How do ants make climbing walls look so easy? This biologist has the answer
Ant feet are similar to your hands but are more complex, with an additional set of weird-looking parts that enhance them.

How do ants make climbing walls, ceilings and other surfaces look so easy? I've been studying ants for 30 years, and their climbing abilities never cease to amaze me.
Worker ants - who are all female - have an impressive toolbox of claws, spines, hairs and sticky pads on their feet that enable them to scale almost any surface.
Human Hands Vs. Ant Feet
To understand ant feet, it helps to compare them with human hands. Your hand has one broad segment, the palm. Sprouting from your palm are four fingers and an opposable thumb. Each finger has three segments, while your thumb has only two segments. A hard nail grows from the tips of your fingers and thumb.
Humans have two hands - ants have six feet. Ant feet are similar to your hands but are more complex, with an additional set of weird-looking parts that enhance them.
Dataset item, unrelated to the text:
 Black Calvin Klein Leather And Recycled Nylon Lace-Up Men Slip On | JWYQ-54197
Claws and spines have the added benefit of protecting ant feet from hot pavement and sharp objects, just as your feet are protected by shoes.
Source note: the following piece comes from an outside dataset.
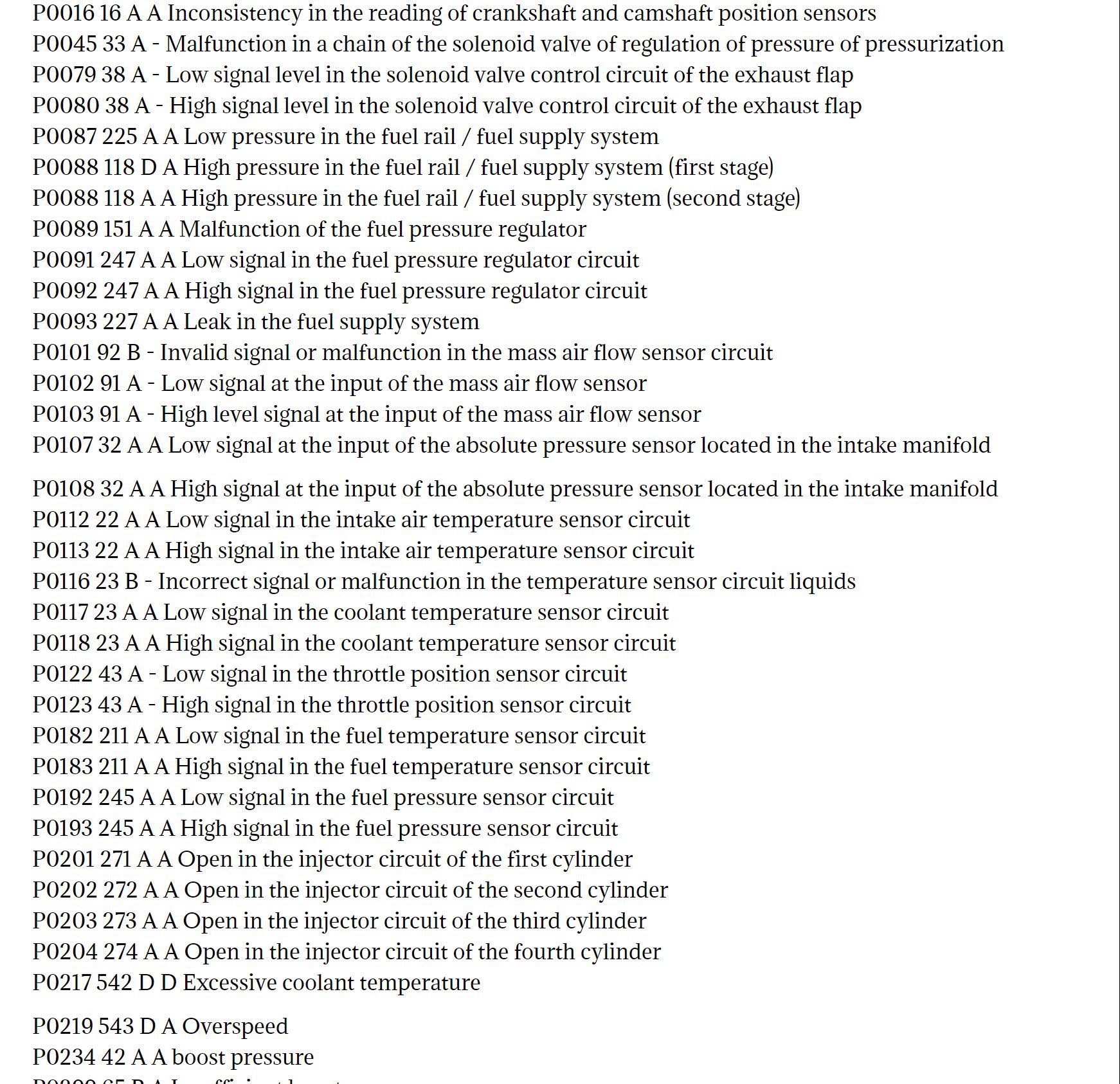 isuzu truck fault codes dtc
But the feature that truly separates human hands from ant feet are inflatable sticky pads, called arolia.
Sticky Feet
Arolia are located between the claws at the tip of every ant foot. These balloonlike pads allow ants to defy gravity and crawl on ceilings or ultrahard surfaces like glass.
After the hemolymph pumps up the pad, some of it leaks outside the pad, which is how ants can stick to a wall or a ceiling. But when an ant picks up its foot, its leg muscles contract and suck most of the fluid back into the pad and then back up the leg. This way an ant's blood is reused over and over - pumped from the leg into the pad, then sucked back up the leg - so none is left behind.
A Unique Gait
When you walk, your left and right feet alternate so one is on the ground while the other is in the air, moving forward. Ants also alternate their feet, with three on the surface and three in the air at a time.
The walking pattern of ants is unique among six-legged insects. In ants, the front and back left feet are on the ground with the middle right foot, while the front and back right feet and the middle left foot are in the air. Then they switch. It's fun to try to copy this triangular pattern using three fingers on each hand.